## What to produce:
All of the data must be output without alteration.

• • • • • • •

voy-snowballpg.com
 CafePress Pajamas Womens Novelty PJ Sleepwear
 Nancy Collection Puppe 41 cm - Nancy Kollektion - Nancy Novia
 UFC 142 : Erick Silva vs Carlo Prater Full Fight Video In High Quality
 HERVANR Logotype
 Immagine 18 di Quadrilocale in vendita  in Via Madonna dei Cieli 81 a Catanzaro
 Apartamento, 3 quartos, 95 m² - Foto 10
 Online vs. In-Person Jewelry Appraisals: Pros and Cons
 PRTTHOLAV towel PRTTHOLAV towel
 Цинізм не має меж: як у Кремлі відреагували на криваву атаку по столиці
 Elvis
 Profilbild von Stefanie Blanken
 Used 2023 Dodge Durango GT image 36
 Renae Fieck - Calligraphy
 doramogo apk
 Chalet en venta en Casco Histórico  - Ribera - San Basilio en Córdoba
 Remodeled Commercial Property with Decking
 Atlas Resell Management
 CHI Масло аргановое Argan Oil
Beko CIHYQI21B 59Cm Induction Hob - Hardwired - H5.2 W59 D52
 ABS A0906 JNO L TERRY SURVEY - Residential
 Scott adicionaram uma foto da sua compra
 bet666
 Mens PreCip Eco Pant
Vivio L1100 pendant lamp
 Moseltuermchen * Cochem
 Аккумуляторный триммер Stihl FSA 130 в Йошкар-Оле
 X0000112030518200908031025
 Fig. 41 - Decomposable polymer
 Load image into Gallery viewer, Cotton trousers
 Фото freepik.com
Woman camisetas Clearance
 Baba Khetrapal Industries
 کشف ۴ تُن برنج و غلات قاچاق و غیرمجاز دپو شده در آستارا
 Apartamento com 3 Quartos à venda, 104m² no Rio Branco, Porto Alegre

• • • • • • •

## The completed task:
voy-snowballpg.com
 CafePress Pajamas Womens Novelty PJ Sleepwear
 Nancy Collection Puppe 41 cm - Nancy Kollektion - Nancy Novia
 UFC 142 : Erick Silva vs Carlo Prater Full Fight Video In High Quality
 HERVANR Logotype
 Immagine 18 di Quadrilocale in vendita  in Via Madonna dei Cieli 81 a Catanzaro
 Apartamento, 3 quartos, 95 m² - Foto 10
 Online vs. In-Person Jewelry Appraisals: Pros and Cons
 PRTTHOLAV towel PRTTHOLAV towel
 Цинізм не має меж: як у Кремлі відреагували на криваву атаку по столиці
 Elvis
 Profilbild von Stefanie Blanken
 Used 2023 Dodge Durango GT image 36
 Renae Fieck - Calligraphy
 doramogo apk
 Chalet en venta en Casco Histórico  - Ribera - San Basilio en Córdoba
 Remodeled Commercial Property with Decking
 Atlas Resell Management
 CHI Масло аргановое Argan Oil
Beko CIHYQI21B 59Cm Induction Hob - Hardwired - H5.2 W59 D52
 ABS A0906 JNO L TERRY SURVEY - Residential
 Scott adicionaram uma foto da sua compra
 bet666
 Mens PreCip Eco Pant
Vivio L1100 pendant lamp
 Moseltuermchen * Cochem
 Аккумуляторный триммер Stihl FSA 130 в Йошкар-Оле
 X0000112030518200908031025
 Fig. 41 - Decomposable polymer
 Load image into Gallery viewer, Cotton trousers
 Фото freepik.com
Woman camisetas Clearance
 Baba Khetrapal Industries
 کشف ۴ تُن برنج و غلات قاچاق و غیرمجاز دپو شده در آستارا
 Apartamento com 3 Quartos à venda, 104m² no Rio Branco, Porto Alegre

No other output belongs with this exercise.